■ **YOUR OBJECTIVE**
Write out the listing below in full and exactly, leaving out every picture.

■ **DATA**
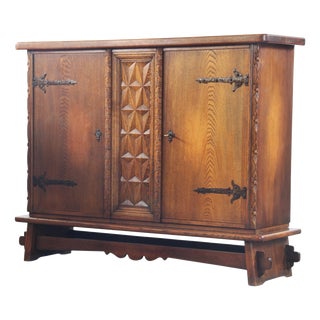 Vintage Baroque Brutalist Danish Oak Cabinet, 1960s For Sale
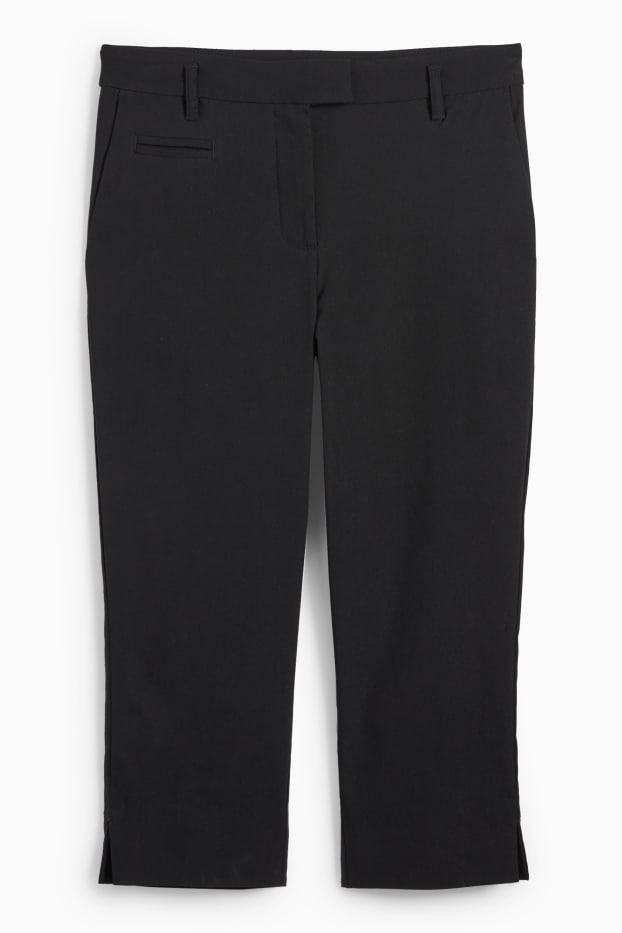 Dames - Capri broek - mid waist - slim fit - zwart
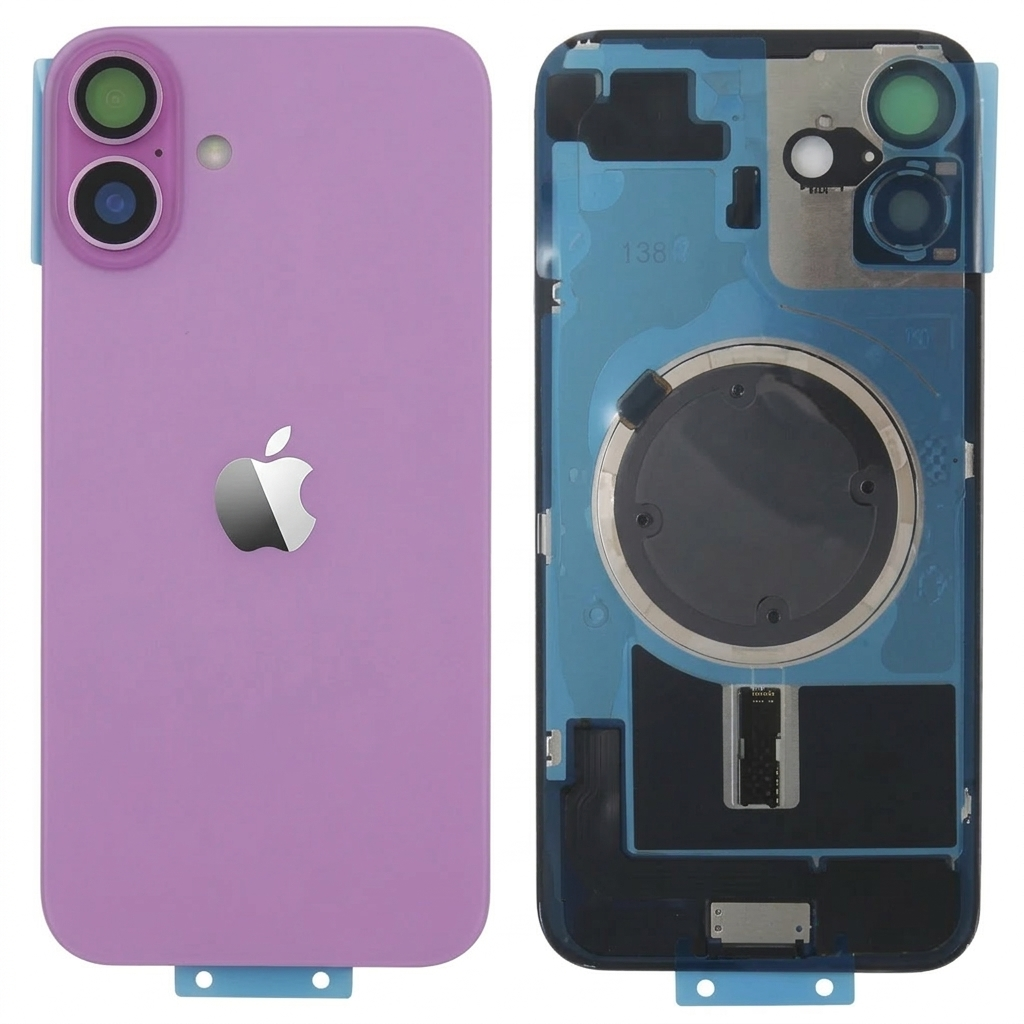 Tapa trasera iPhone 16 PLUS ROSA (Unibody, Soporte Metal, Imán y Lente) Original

■ **SOLUTION TO THIS PROBLEM**
 Vintage Baroque Brutalist Danish Oak Cabinet, 1960s For Sale
 Dames - Capri broek - mid waist - slim fit - zwart
 Tapa trasera iPhone 16 PLUS ROSA (Unibody, Soporte Metal, Imán y Lente) Original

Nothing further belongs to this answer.